(Task to carry out) Everything in the records must appear again exactly, except the images.

^^^^^^^^

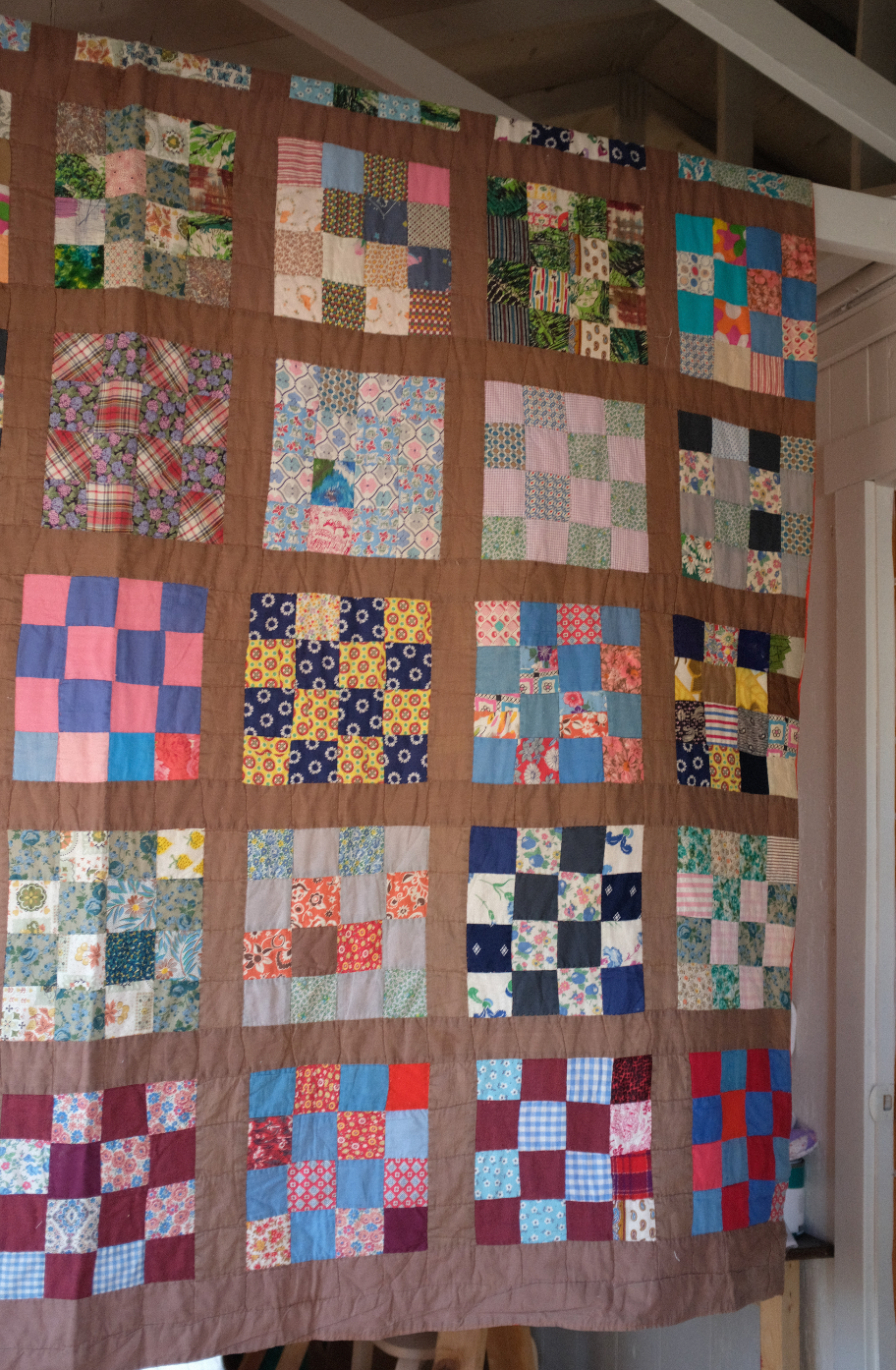 Made To Order - 16 Square Quilt Coat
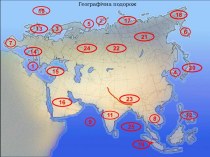 Кліматичні пояси Євразії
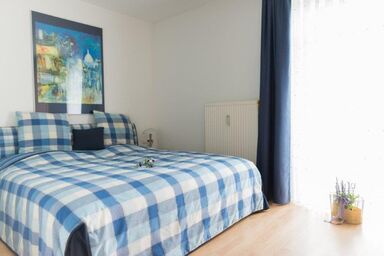 ausZEIT - Ihr Sibyllenbad Gästehaus - Ferienwohnung mit Balkon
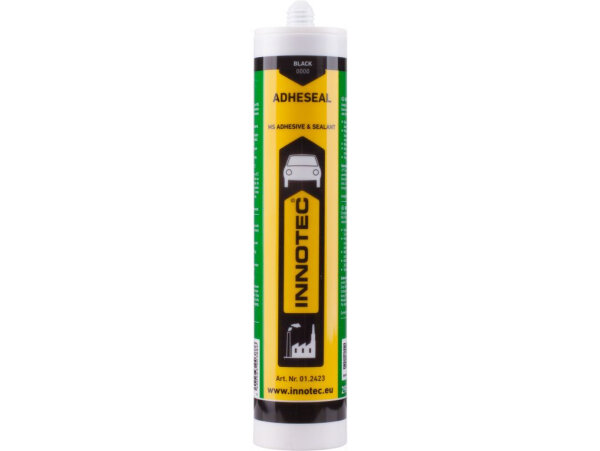 Adheseal-schwarz 290ml Tube Klebe und Dichtmasse bis -40°+100°C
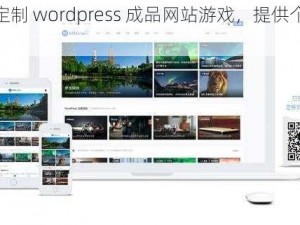 专业定制 wordpress 成品网站游戏，提供个性化服务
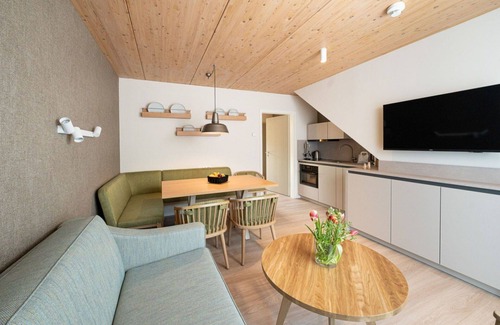 Muritz Apartamento | Hermoso apartamento para 4 personas con WIFI, TV, terraza, vista panorámica y aparcamiento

^^^^^^^^

(Worked solution)
 Made To Order - 16 Square Quilt Coat
 Кліматичні пояси Євразії
 ausZEIT - Ihr Sibyllenbad Gästehaus - Ferienwohnung mit Balkon
 Adheseal-schwarz 290ml Tube Klebe und Dichtmasse bis -40°+100°C
 专业定制 wordpress 成品网站游戏，提供个性化服务
 Muritz Apartamento | Hermoso apartamento para 4 personas con WIFI, TV, terraza, vista panorámica y aparcamiento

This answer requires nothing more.